- [RECORDED INFORMATION]
BEGIN

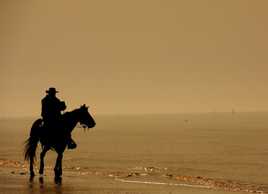 Lhomme , le cheval et la mer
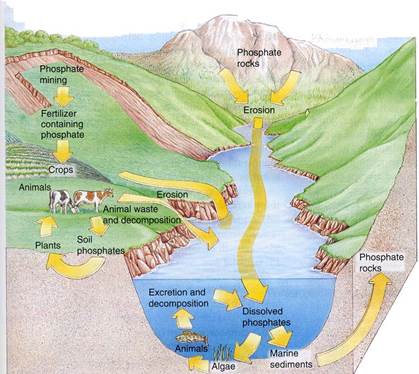 http://4.bp.blogspot.com/_Jj5y0U0naug/TSuwhKSP8MI/AAAAAAAAACA/dElWdf7idEM/s1600/phosphorus.jpg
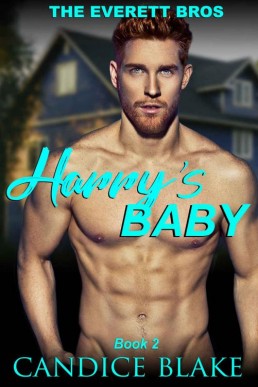 Harry's Baby (The Everett Bros Book (4767)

END

- [PROBLEM REQUIREMENTS]
Word for word, copy every line of the data, excluding any pictures.

- [REPLY TO THE TASK]
 Lhomme , le cheval et la mer
 http://4.bp.blogspot.com/_Jj5y0U0naug/TSuwhKSP8MI/AAAAAAAAACA/dElWdf7idEM/s1600/phosphorus.jpg
 Harry's Baby (The Everett Bros Book (4767)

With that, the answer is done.